Ian McKellen - currently belting out An Enemy of the People to 1,500 people a night in Los Angeles - has played in more than a few theatres in his time and has come to the conclusion that small is beautiful. "In a theatre the size of the Olivier or the Barbican you can end up with a design that necessarily gives the audience something to look at but which dwarfs the performer. It's the closeness to the performer that really matters. My taste is for about 400 seats. Whatever the shape, everyone should be able to see the actor in considerable detail without amplification or binoculars. A measurement could perhaps be, can you hear the actor sigh and see him or her breathing?"

The Barbican's studio space, the Pit, was never conceived of as a theatre. It became one only at the last minute, when someone spotted its potential. Despite a recent partial rebuild, the very low ceiling of the studio makes it claustrophobic rather than intimate. (And in terms of discomfort, it's up there with The Bush).

The National's versatile Cottesloe studio theatre is much better, but that has problems with the audiences in the side and upper galleries that are cut off from the body of the theatre; they often find themselves sitting behind or above the actors. The acres of dead acoustic space to the back and sides mean that actors have to project as much as in the Olivier, which seats three times as many people.

The problem with the Lyttelton, the National's third venue, is that although the sightlines are good with the seating no wider than the stage, actors feel as if they're playing two distinct audiences. Laughs in the circle come later than those in the stalls.

Reality check

If all theatres seated no more than about 400 people in close relation to the actors, everyone would be happy? Er, no. Small spaces are useless for spectacle. Who wants to see Phantom without Maria Bjornson's sets with the famous chandelier crashing down over the auditorium?

It's a question of economics. Theatre is labour-intensive, and costs are high. Unless the Government changes its thinking on arts subsidy (and pigs will doubtless develop an air force before this happens), theatre managers will want large size auditoria in order to make money on ticket sales (17.5 per cent of which goes straight back to the treasury in VAT).
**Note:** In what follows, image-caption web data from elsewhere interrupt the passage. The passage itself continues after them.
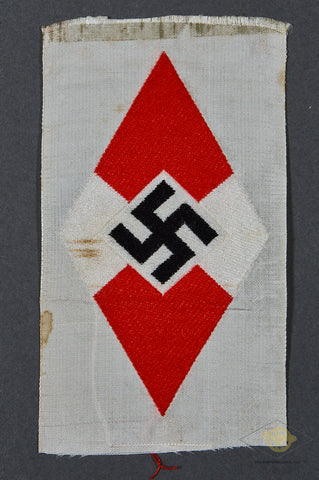 German WWII Hitler Youth Sleeve Diamond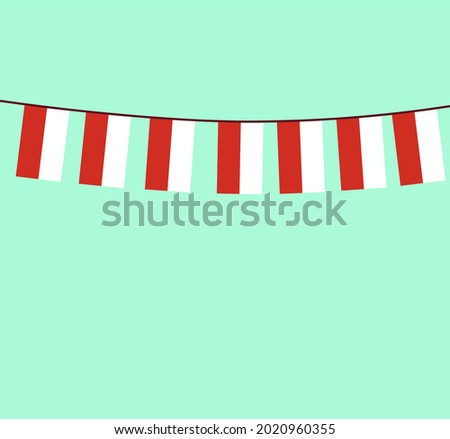 Red and White vector Flags. Indonesia Flags vector. flag ilustration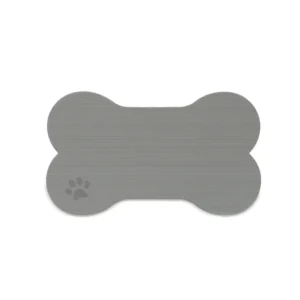 SeaDek Dog Bowl Mat - Storm Grey/Black - Medium - 12.5" x 24"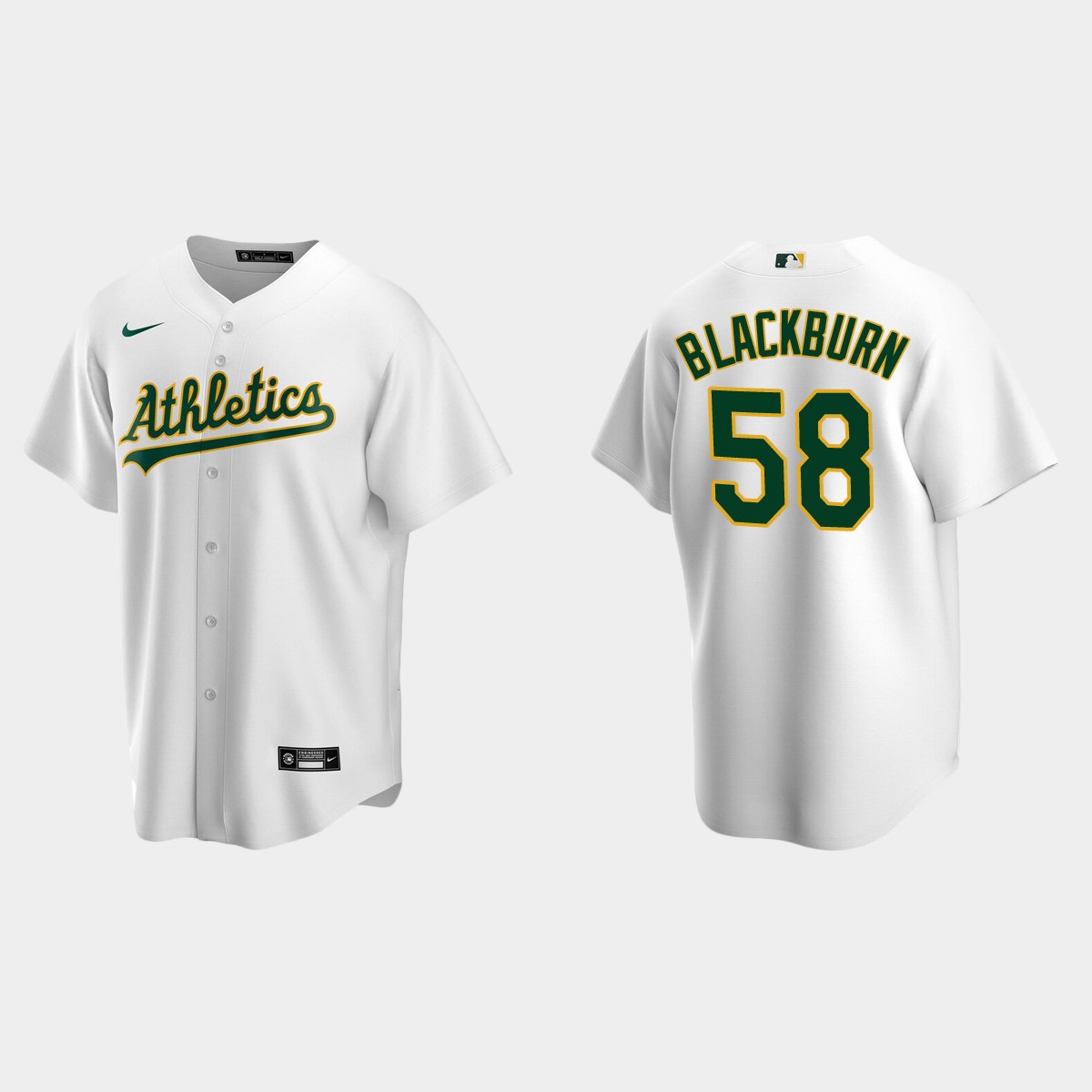 Oakland Athletics Paul Blackburn Home Jersey - White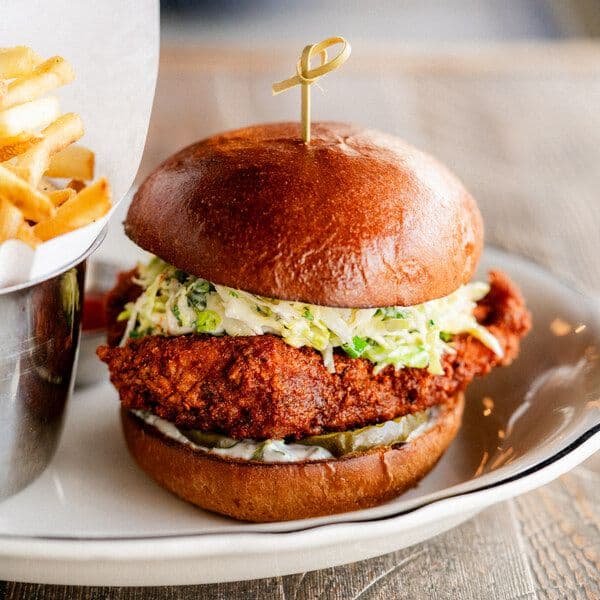 NASHVILLE HOT CHICKEN SANDWICH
Commentators much given to moaning about Covent Garden's prices smugly point to the Met in New York. "Look," they say, "it's much cheaper and it receives no public subsidy." Yes, and it just so happens that it has double the seating capacity.
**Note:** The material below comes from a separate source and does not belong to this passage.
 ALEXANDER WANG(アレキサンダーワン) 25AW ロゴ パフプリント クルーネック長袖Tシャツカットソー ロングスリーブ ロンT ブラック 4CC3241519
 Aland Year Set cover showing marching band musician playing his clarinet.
Anti-subsidy forces cite the Donmar and the Almeida as small theatres doing excellent work on little public money. True, but they do it on the backs of people who get paid just pounds 250 a week. That's about pounds 41 per day, ie pounds 5 an hour. Without wishing to be unkind, that's fine for millionaires like Kevin Spacey but tough on an average Equity member who may then be out of work for the next few months.

A perfect relationship

The Young Vic is loved by many. The audience - 350- 500 - is comfortably wrapped around the stage yet the "in the round" configuration means that only certain productions fit there. In many ways, though, it's close to what Peter Brook famously described as "the empty space", the artistically ideal set-up in which a company doesn't have to fight an over-plush auditorium with no leg-room in order to create work for an audience in optimum circumstances.